When it comes to Priorities USA, however, the Times gets tight-lipped. The one donor the NYT Magazine mentions at any length is “a wealthy and left-leaning 41-year-old Houston lawyer named Steve Mostyn,” who is “a frequent giver to Democratic causes.” That is one way of putting it. In contrast, here is how the Washington Examiner put it:

Steve Mostyn, a Texas trial lawyer who made his fortune in hurricane damage lawsuits, contributed $10 million to Democrats in the 2010 cycle, mostly at the state and local levels. The large-scale influence-buying scheme failed when Democrats were crushed that November. Trial lawyers like Mostyn were rolled in the following legislative session. New hurricane insurance reforms chipped away at an apparently cozy relationship between the state-run hurricane insurer and trial lawyers who were suing it and taking 67 percent attorneys’ fees at settlement.

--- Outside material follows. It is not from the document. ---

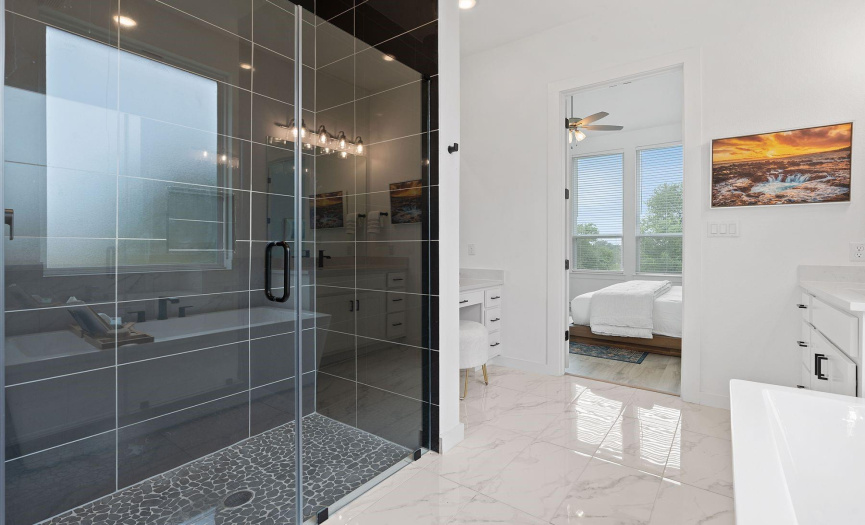 Large walk-in shower with frameless glass. 
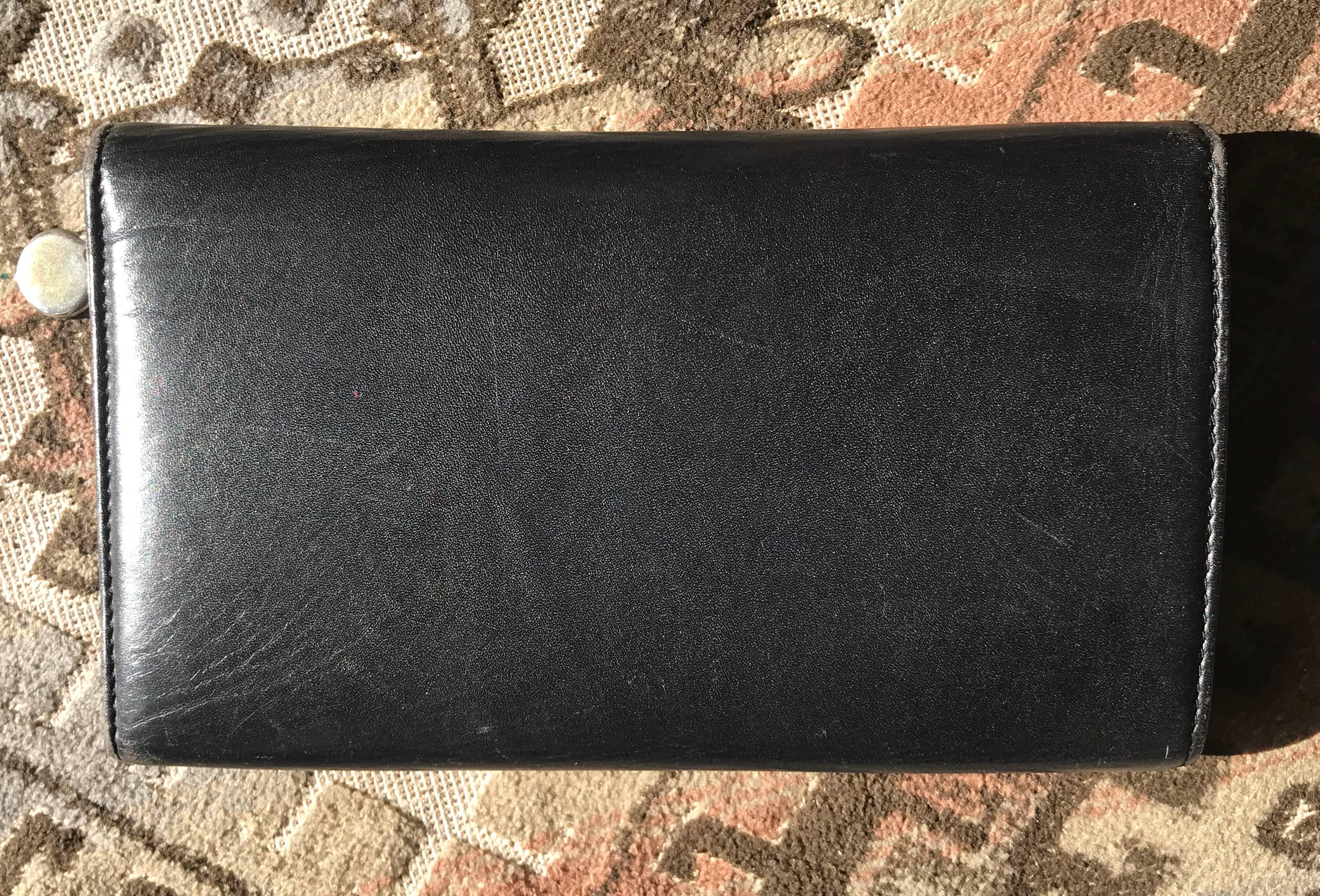 Black Vintage CHANEL black leather wallet with large CC stitch mark.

Texas’ Democratic Party is in shambles today, despite tens of millions in trial lawyer money that was invested to rebuild it. This year, Democrats failed even to field a credible candidate for U.S. Senate. And so to avoid throwing too much good money after bad, Mostyn and other trial lawyers changed their strategy. Instead of going all-out for the Democrats, they found and funded friendly Republicans to run in the contests that were decided this week. They concentrated especially on two open-seat state Senate races where they saw an opportunity to install Republican friends of the trial bar. They made huge individual contributions to candidates, and funneled millions more through PACs mostly connected to Mostyn, with deceptive names like “Conservative Voters of Texas,” “Texans for Insurance Reform” and “Texans for Individual Rights.”

Indeed, Mostyn is president of the Texas Trial Lawyers Association. That context might have given NYT readers reason to question whether the Mostyn’s protests about super-PACs and the Citizens United decision were on the level.

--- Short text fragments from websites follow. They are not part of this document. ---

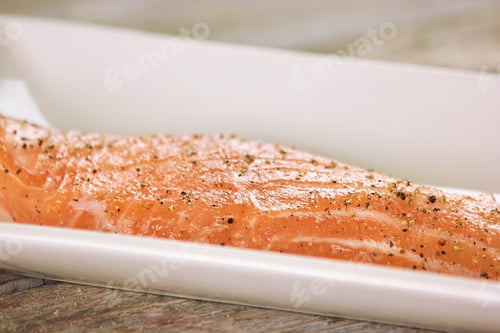 Vea de cerca el salmón crudo con pimienta en una olla rectangular.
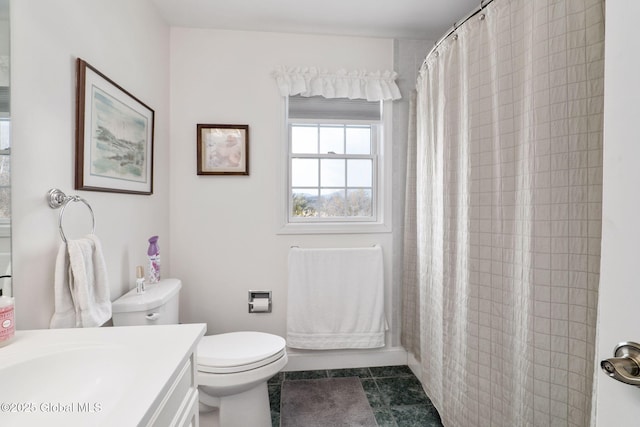 bathroom featuring vanity, tile patterned flooring, and toilet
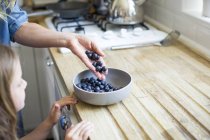 Girl looking as mother pouring fresh blueberries in bowl. — Stock Photo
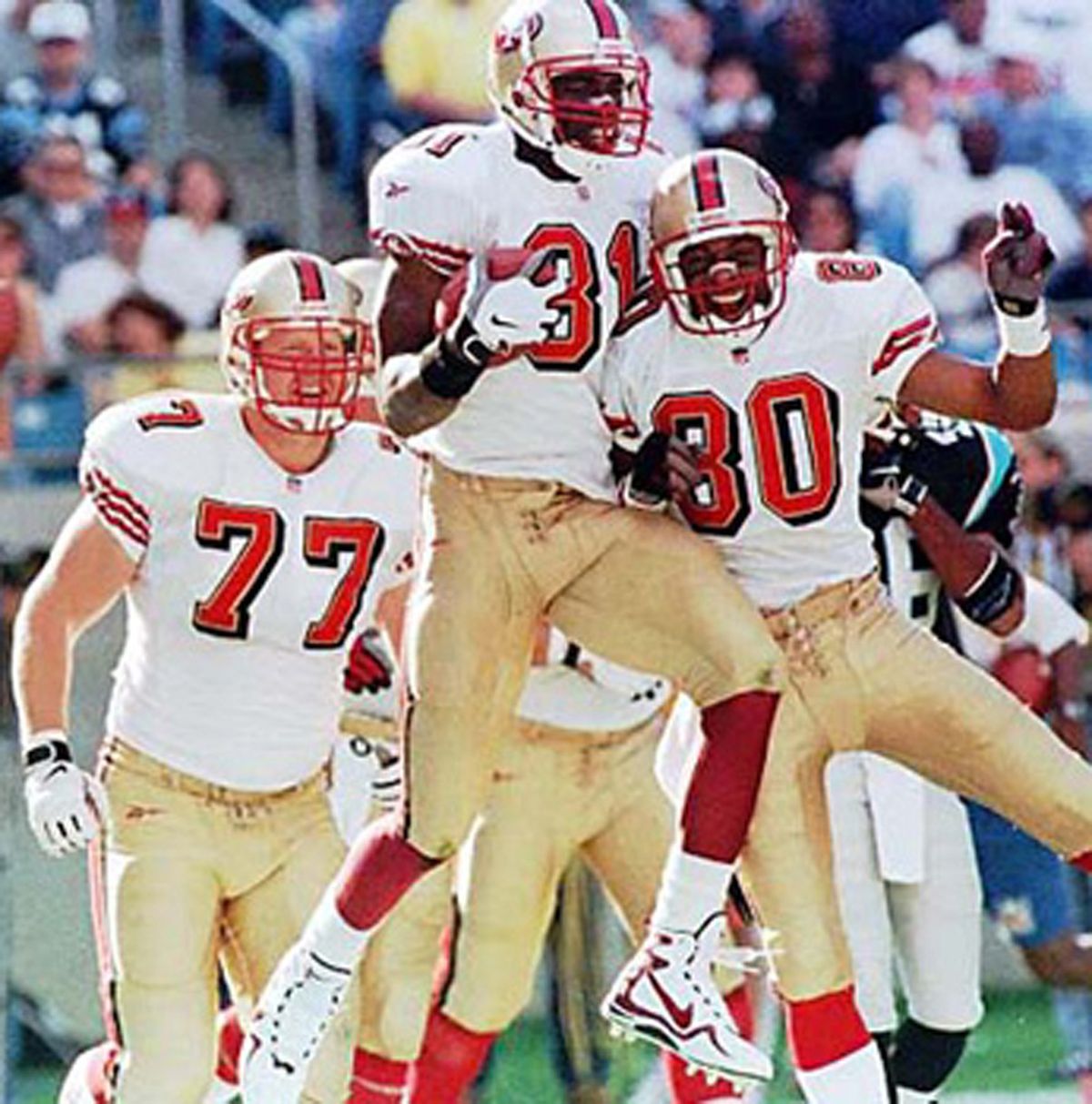 Tim Hanshaw, as a West Valley Eagle in the 1980s, and helping San Francisco 49ers teammates Terrell Owens (81) and Jerry Rice (80) celebrate a touchdown against the Carolina Panthers.Spokesman-Review archive,  (Photos: Spokesman-Review archive, Associated Press / The Spokesman-Review)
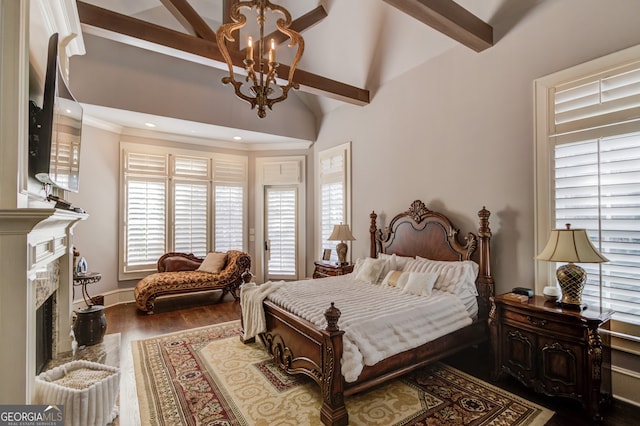 bedroom featuring vaulted ceiling with beams, a fireplace, a chandelier, and hardwood / wood-style flooring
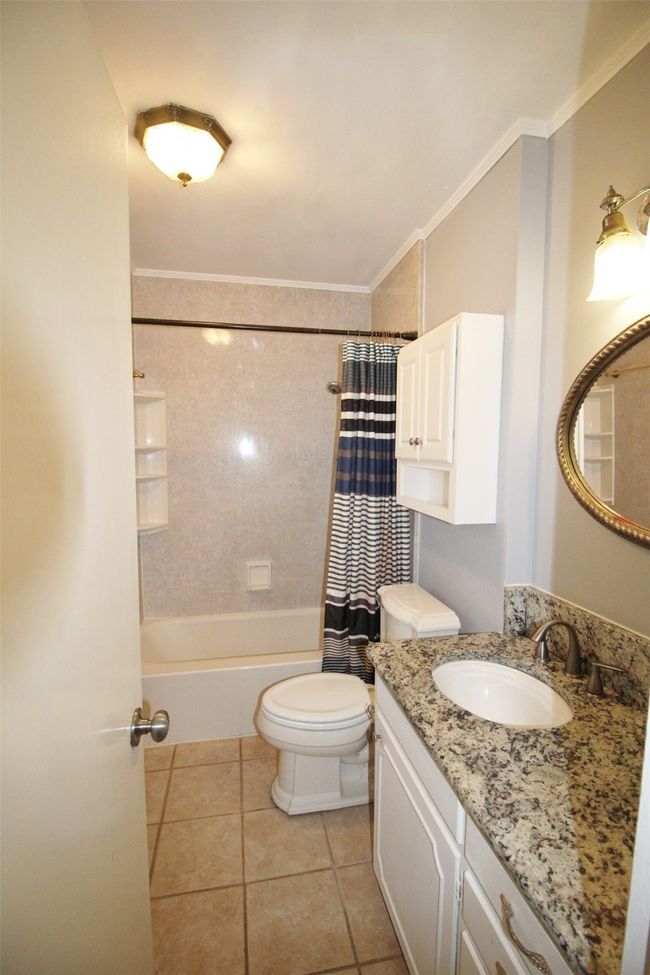 Granite counter top. Linen closet. Tub/shower combo | Image 20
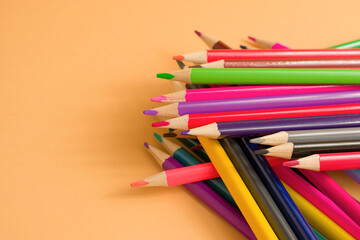 Fototapeta premium Close-Up Of colored pencil placed on yellow paper background with copy space for your image or text. High quality photo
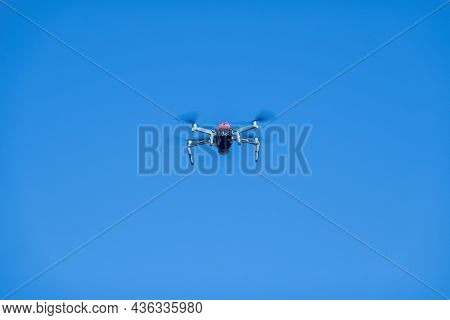 A Drone In Mid Flight Just After Take Off With Its Blades Whirring Against A Clear Blue Sky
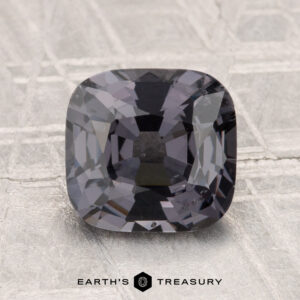 A 2.39-carat cushion-cut gray spinel displayed on a textured light gray surface, with the text "EARTH'S TREASURY" at the bottom.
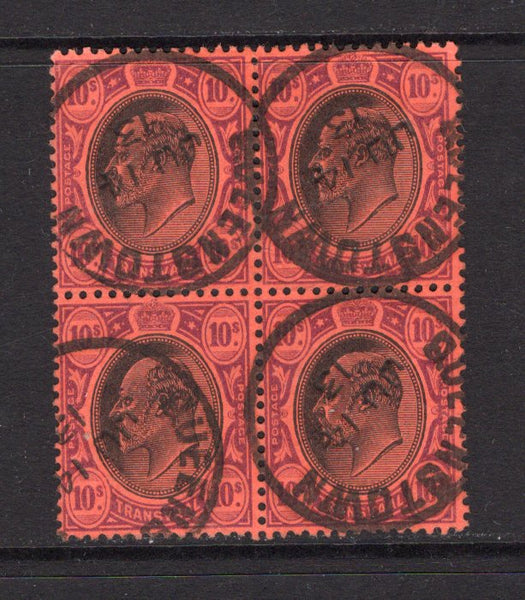 TRANSVAAL - 1913 - MULTIPLE & INTERPROVINCIAL USE: 10/- black & purple on red EVII issue, a superb used block of four with four strikes of QUEENSTOWN cds dated JUN 14 1913 used in the Cape of Good Hope during the inter-provincial period. (SG 271)  (TRA/13559)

The NYT notes in passing that Priorities USA received $2 million in seed money from Jeffrey Katzenberg, the C.E.O. of DreamWorks Animation. The piece does not mention what you might learn from the Sunlight Foundation:

Katzenberg was a guest at a Feb. 14 luncheon hosted by Vice President Joe Biden and Secretary of State Hillary Clinton for Xi Jinjing, the current vice president and all-but-certain next president of the People’s Republic of China. Katzenberg wasn’t just there to offer a valentine; he told the Financial Times that he needed Xi’s personal approval of a deal he had arranged with three state-owned media firms to create a Chinese-based studio that hopes to launch its first feature film in 2016.

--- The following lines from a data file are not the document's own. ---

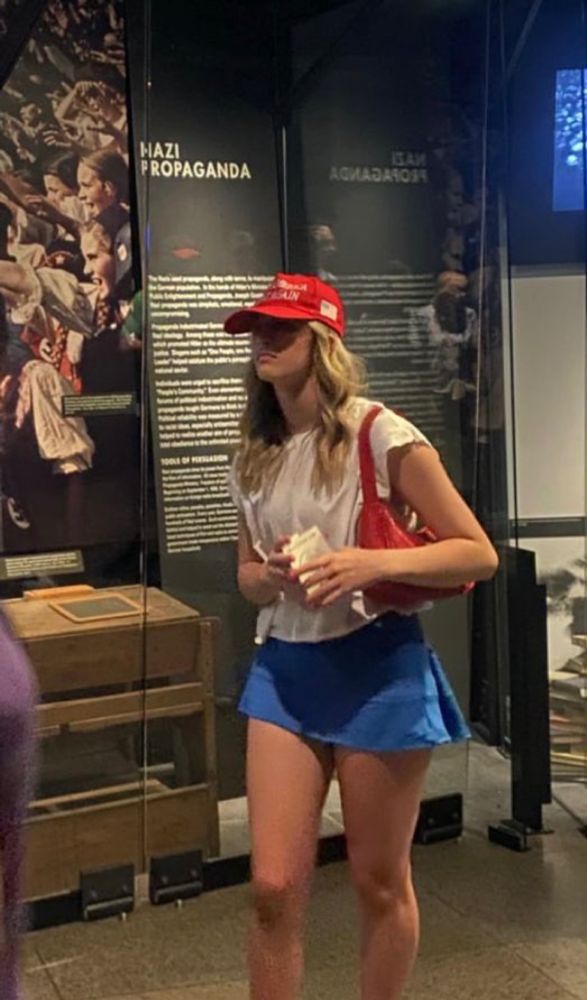 Girl with a MAGA hat standing in front of a museum exhibit on Nazi propaganda.
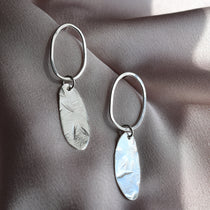 A pair of silver drop earrings with oval hoops and textured, hammered oval pendants, displayed on draped satin fabric.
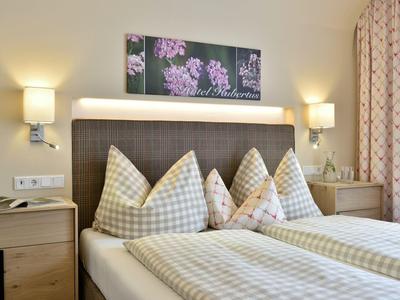 Przytulny pokój hotelowy z podwójnym łóżkiem, kratkowymi pościelami i kwiatową dekoracją na ścianie.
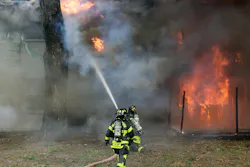 Firefighters work to extinguish a 3-alarm fire at the The Hamptons at Brandon Condominiums on Sunday.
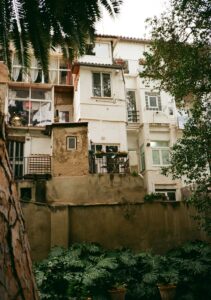 Buildings with balconies and plants viewed from below.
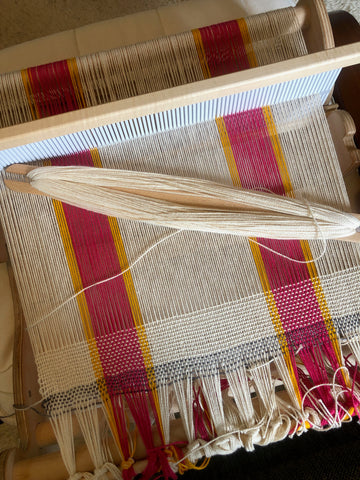 small rigid heddle loom from above, warped in a striped pattern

Biden and Xi hammered out an agreement on the last day of the Chinese vice president’s trip to the United States. According to — wait for it — the NYT, Katzenberg also helped forge the agreement, which is the subject of a Securities and Exchange Commission investigation into whether some of Hollywood’s biggest movie studios have made illegal payments to officials in China to gain the right to film and show movies there.

Or how about million-dollar donor Franklin Haney? A Tennessee real estate mogul, Haney has a well-documented record of scandals, fines, and indictments for alleged violations of federal campaign law. Although ultimately found not guilty, Haney did not dispute charges he illegally reimbursed friends, relatives and business associates for making more than $200,000 in contributions to the Clinton-Gore campaigns in 1992 and 1996 — he claimed to be ignorant of the law. No doubt Haney is as outraged as the Mostyns over the influence of secret big money in presidential politics.

Of course, the ridiculously partisan framing of news by the New York Times is not news. Nevertheless, this instance is worth documenting. After all, should Romney win, stories like this are already advancing the Establishment mindset — so present in the bogus reporting on the Wisconsin recall elections — that the GOP wins because it “buys elections” (having conveniently forgotten how much Obama outspent McCain in 2008). Then, after having flogged the narrative that GOP victories are not legitimate, the same media organs will complain that the Republicans are to blame for the ensuing political polarization.